El llamado de alerta proviene del creador de contenido duranguense Rafa Carbajal, quien además de influencer es ingeniero en Bioquímica y profesor del Tecnológico Nacional de México, campus Santiago Papasquiaro, lo que da sustento técnico a su advertencia.
El problema no está en el original, sino en las copias
Carbajal fue claro desde el inicio: el producto original, fabricado por una empresa con más de 40 años de experiencia, no es el problema. El riesgo está en las numerosas imitaciones que inundaron el mercado tras el auge de popularidad del juguete.
Una organización de defensa del consumidor en Reino Unido realizó pruebas de laboratorio a varias de estas imitaciones y encontró algo preocupante: niveles de benceno hasta cuatro veces superiores al límite permitido por la legislación. El benceno es una sustancia cuya exposición frecuente ha sido asociada con efectos negativos para la salud, especialmente en niños cuyo organismo es más vulnerable.
El hallazgo derivó en el retiro del mercado de estas copias en el país europeo.
¿Cómo identificar una copia peligrosa?
Este es el punto más crítico y el que más preocupa a los especialistas: las imitaciones son prácticamente idénticas al original a simple vista. La diferencia está en los detalles que muchos pasan por alto al momento de comprar:
Las copias falsas no tienen marca, número de lote, empaque ni datos del fabricante. Si el juguete que tienes en casa o que estás a punto de comprar no cuenta con esa información visible, es una señal de alerta inmediata.
“Si tú, tu niño, algún vecinito o alguien conocido tiene alguno de estos juguetes, revisa si trae marca o datos de fabricación y recuerda lo que siempre dice Profeco: de preferencia compra en comercios establecidos”, señaló Carbajal.

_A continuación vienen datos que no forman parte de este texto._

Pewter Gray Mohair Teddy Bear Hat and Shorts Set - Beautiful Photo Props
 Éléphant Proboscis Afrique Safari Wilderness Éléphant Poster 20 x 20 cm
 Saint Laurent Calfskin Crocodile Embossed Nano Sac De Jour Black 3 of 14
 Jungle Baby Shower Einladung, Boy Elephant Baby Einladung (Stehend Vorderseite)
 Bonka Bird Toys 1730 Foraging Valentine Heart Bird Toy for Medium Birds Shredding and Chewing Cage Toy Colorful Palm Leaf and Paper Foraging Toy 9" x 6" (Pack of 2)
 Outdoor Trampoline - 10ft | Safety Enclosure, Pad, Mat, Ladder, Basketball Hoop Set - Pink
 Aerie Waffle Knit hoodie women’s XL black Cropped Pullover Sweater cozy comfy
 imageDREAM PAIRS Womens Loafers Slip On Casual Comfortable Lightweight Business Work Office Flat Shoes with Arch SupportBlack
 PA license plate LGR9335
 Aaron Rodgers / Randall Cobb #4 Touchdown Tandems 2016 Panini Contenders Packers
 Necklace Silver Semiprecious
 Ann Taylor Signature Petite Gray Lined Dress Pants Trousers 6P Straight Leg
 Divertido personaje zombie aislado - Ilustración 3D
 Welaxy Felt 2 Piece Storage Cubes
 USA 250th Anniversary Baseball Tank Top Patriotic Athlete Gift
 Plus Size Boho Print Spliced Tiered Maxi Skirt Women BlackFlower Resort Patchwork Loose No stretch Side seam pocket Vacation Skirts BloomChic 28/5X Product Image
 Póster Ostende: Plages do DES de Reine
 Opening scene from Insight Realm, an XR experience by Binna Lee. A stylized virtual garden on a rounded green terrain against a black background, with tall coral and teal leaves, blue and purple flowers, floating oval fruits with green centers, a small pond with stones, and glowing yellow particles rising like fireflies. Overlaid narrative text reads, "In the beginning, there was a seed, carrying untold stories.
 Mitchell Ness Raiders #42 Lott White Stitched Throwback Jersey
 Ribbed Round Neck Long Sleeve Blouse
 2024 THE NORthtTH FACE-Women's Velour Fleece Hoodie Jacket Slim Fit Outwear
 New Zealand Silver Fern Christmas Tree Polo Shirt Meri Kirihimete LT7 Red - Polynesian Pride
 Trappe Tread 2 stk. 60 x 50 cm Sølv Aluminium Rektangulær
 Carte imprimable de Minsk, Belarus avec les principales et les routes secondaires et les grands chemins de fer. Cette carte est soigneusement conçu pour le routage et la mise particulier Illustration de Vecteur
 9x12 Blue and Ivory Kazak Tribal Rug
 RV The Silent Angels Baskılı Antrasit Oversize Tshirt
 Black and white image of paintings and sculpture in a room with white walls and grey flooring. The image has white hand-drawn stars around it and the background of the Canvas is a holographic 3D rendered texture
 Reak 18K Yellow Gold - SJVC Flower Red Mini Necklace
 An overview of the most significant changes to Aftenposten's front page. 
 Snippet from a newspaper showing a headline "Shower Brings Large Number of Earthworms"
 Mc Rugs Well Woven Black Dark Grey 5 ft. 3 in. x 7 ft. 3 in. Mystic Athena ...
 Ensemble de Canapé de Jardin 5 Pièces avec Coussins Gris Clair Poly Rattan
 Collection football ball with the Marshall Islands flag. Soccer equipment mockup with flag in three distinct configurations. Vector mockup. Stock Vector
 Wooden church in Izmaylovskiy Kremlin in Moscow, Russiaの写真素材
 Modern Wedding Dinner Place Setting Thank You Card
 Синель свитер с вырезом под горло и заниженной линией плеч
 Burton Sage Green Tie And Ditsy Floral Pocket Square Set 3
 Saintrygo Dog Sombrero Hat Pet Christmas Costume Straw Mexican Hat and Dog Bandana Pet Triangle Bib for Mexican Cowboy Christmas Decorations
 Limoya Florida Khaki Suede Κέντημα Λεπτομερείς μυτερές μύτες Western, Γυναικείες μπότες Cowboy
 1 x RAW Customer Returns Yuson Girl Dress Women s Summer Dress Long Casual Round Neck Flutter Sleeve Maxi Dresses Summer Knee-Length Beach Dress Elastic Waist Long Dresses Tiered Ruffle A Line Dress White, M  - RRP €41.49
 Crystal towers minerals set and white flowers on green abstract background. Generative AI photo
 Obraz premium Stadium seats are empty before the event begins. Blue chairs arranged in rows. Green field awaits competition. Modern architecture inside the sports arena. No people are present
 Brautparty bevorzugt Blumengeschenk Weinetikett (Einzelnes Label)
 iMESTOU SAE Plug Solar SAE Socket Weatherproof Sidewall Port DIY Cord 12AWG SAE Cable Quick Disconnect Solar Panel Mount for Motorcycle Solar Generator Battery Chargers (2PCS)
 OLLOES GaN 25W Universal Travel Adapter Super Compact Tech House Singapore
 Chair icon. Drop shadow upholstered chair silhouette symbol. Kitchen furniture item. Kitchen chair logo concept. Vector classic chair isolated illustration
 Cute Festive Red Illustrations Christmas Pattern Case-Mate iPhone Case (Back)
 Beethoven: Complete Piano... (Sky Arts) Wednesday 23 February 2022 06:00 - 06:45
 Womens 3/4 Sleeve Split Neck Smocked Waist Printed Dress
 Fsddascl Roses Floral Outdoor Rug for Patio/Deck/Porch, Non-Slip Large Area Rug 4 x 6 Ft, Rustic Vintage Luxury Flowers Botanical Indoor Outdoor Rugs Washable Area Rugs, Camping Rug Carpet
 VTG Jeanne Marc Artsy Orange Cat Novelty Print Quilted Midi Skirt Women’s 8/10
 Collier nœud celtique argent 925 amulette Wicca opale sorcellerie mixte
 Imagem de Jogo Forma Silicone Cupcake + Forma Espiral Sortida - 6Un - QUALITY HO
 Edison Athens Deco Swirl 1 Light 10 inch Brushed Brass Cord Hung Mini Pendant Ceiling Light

El mismo riesgo en las “mantequillas”
Carbajal extendió la advertencia a otro tipo de juguetes de textura similar conocidos popularmente como “mantequillas”, que también han ganado terreno entre los menores. El llamado es el mismo: verificar la procedencia, exigir información del fabricante y evitar compras en canales informales donde la trazabilidad del producto es inexistente.
La recomendación práctica
Antes de que el juguete llegue a manos de un niño, vale la pena revisar:
- ¿Tiene marca visible?
- ¿Tiene número de lote o datos del fabricante en el empaque?
- ¿Fue comprado en un comercio establecido?
Si alguna de esas respuestas es no, lo más prudente es no usarlo.